INPUT MATERIAL:
---

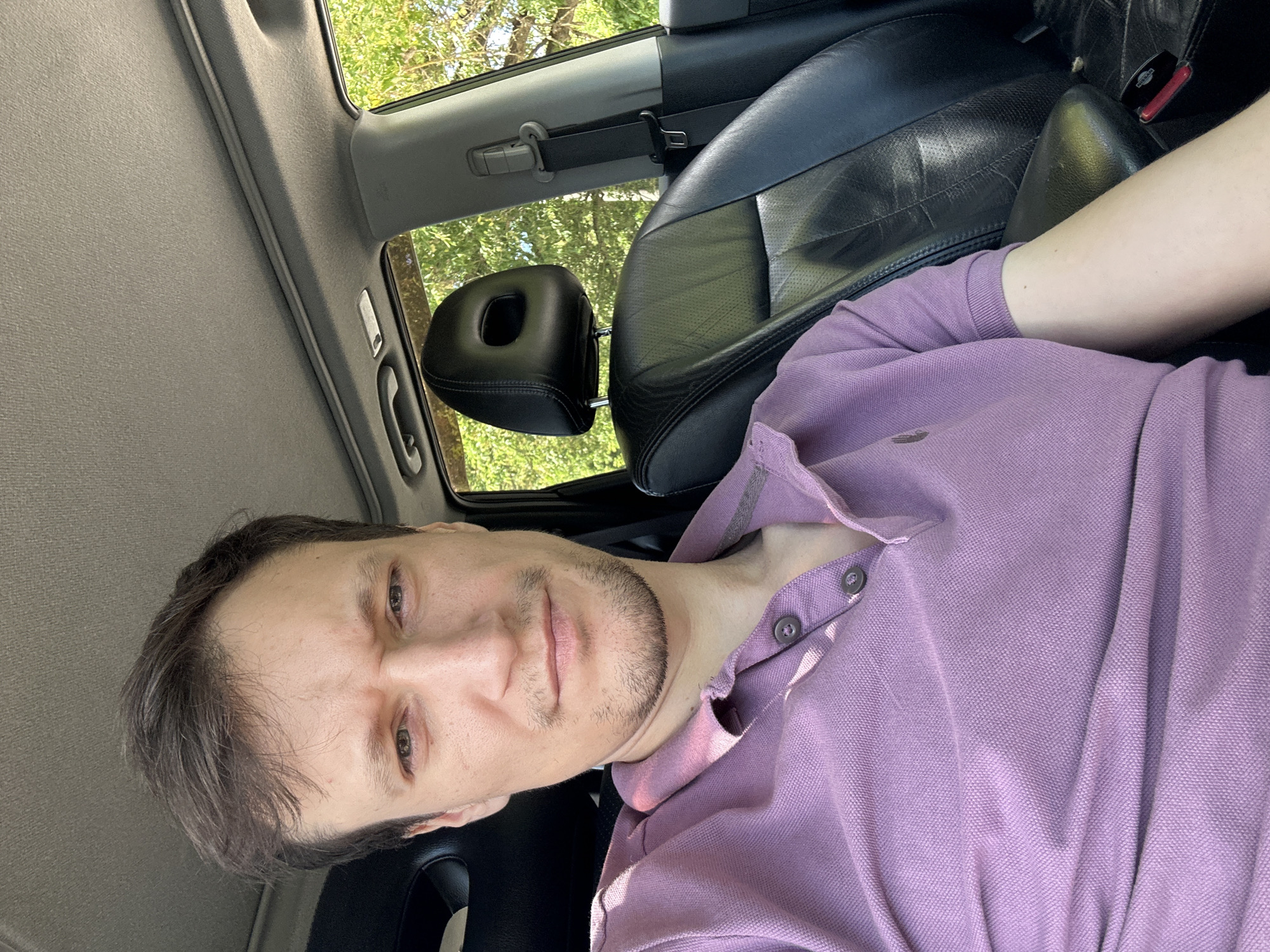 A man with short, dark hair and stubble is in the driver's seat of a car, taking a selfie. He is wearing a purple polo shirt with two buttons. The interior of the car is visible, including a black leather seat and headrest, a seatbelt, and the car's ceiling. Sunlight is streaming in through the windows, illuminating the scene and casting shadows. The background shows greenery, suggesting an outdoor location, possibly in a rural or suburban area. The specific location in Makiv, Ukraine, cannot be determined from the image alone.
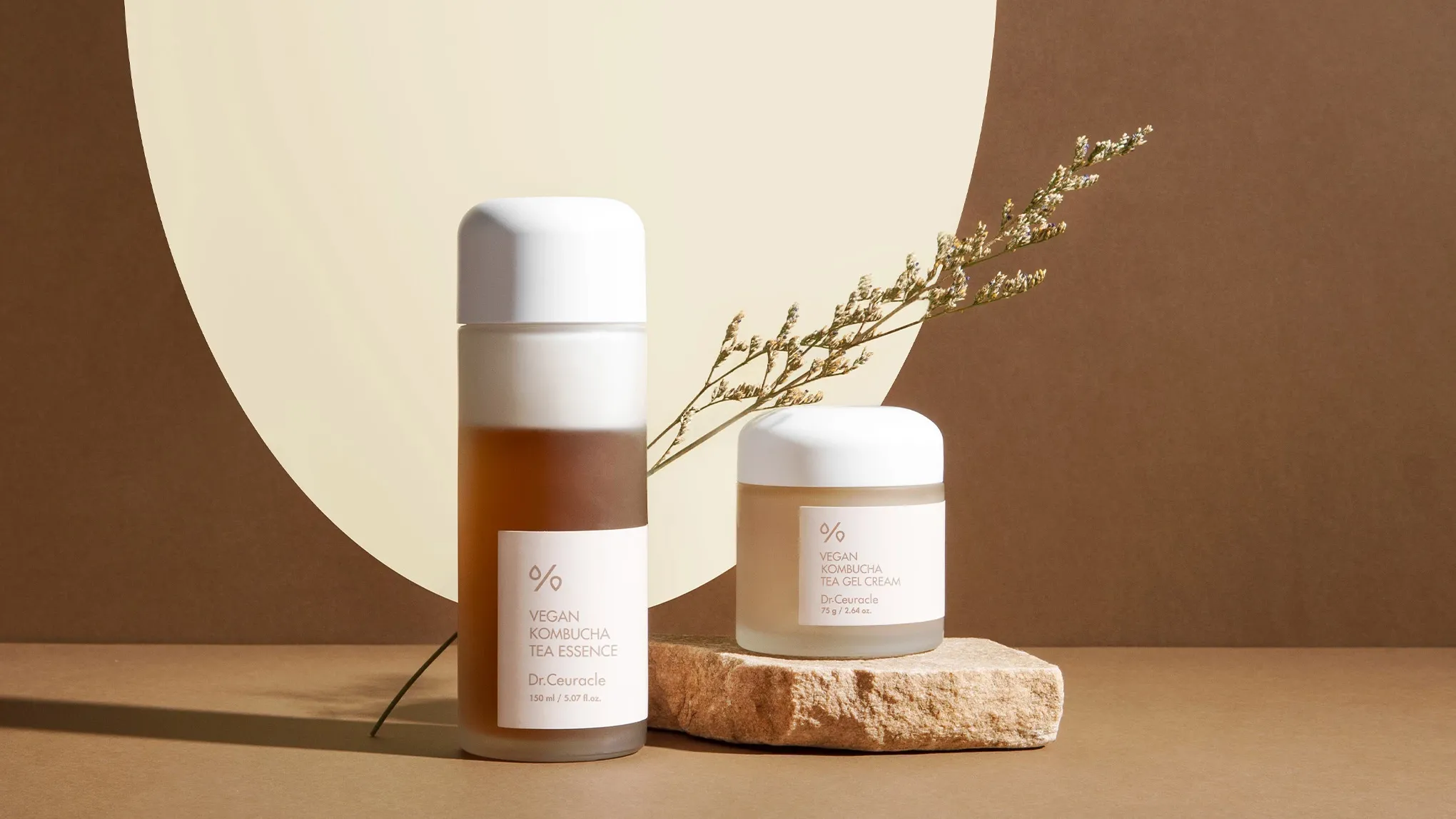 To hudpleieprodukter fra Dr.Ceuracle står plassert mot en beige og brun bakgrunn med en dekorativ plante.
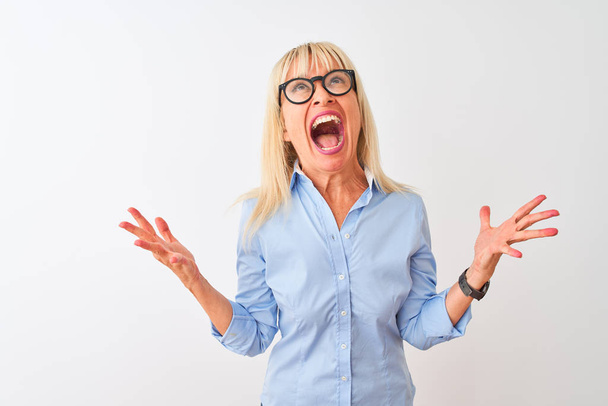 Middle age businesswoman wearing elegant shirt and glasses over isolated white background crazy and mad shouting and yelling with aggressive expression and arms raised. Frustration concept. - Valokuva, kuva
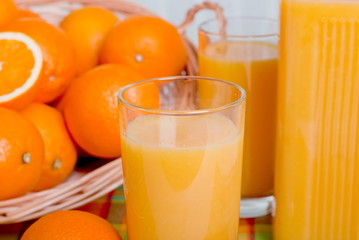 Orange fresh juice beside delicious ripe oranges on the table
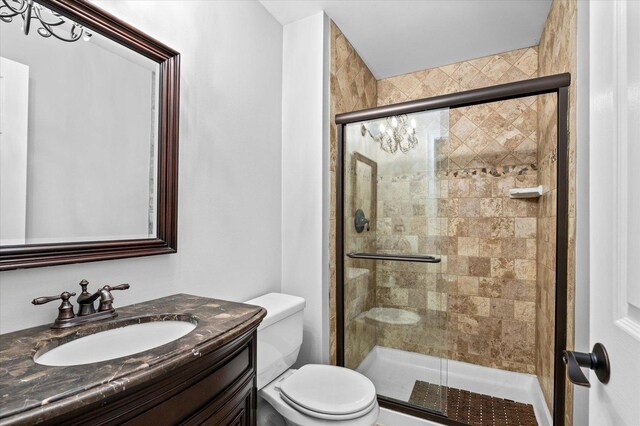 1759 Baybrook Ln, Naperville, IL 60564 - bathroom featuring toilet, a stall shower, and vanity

---

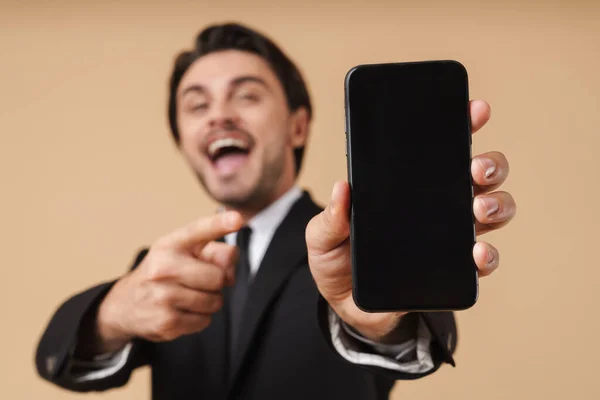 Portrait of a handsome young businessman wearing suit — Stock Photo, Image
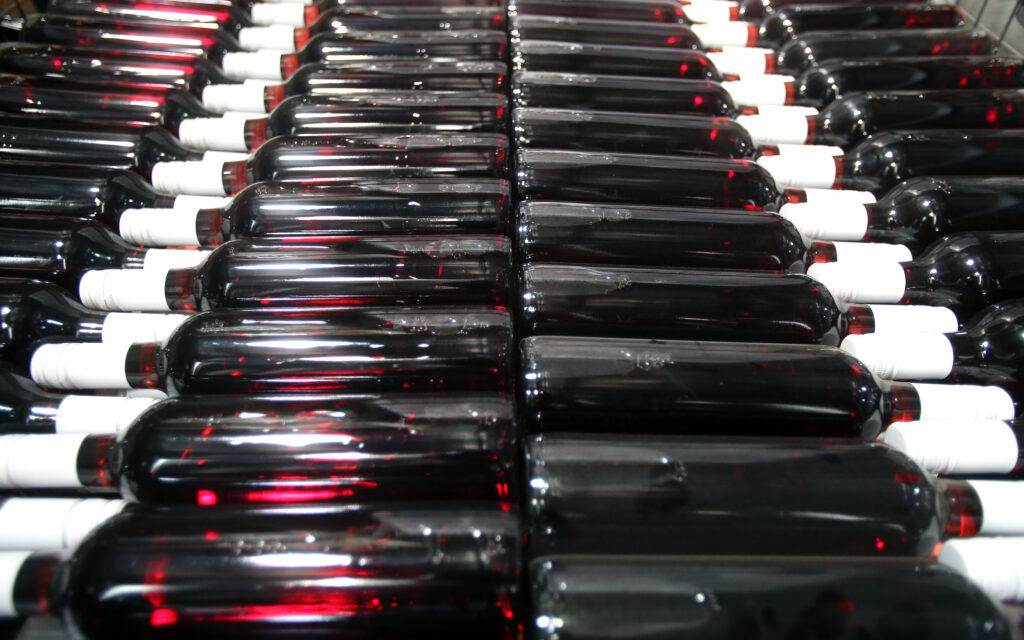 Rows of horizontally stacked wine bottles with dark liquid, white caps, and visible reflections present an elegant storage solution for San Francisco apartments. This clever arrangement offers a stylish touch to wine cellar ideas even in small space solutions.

---

AIM OF THE TASK: Take the material above from the line containing "A man with short, dark" up to and including the line containing "1759 Baybrook Ln, Naperville, IL" and retype it exactly, without any pictures.

SOLUTION:
 A man with short, dark hair and stubble is in the driver's seat of a car, taking a selfie. He is wearing a purple polo shirt with two buttons. The interior of the car is visible, including a black leather seat and headrest, a seatbelt, and the car's ceiling. Sunlight is streaming in through the windows, illuminating the scene and casting shadows. The background shows greenery, suggesting an outdoor location, possibly in a rural or suburban area. The specific location in Makiv, Ukraine, cannot be determined from the image alone.
 To hudpleieprodukter fra Dr.Ceuracle står plassert mot en beige og brun bakgrunn med en dekorativ plante.
 Middle age businesswoman wearing elegant shirt and glasses over isolated white background crazy and mad shouting and yelling with aggressive expression and arms raised. Frustration concept. - Valokuva, kuva
 Orange fresh juice beside delicious ripe oranges on the table
 1759 Baybrook Ln, Naperville, IL 60564 - bathroom featuring toilet, a stall shower, and vanity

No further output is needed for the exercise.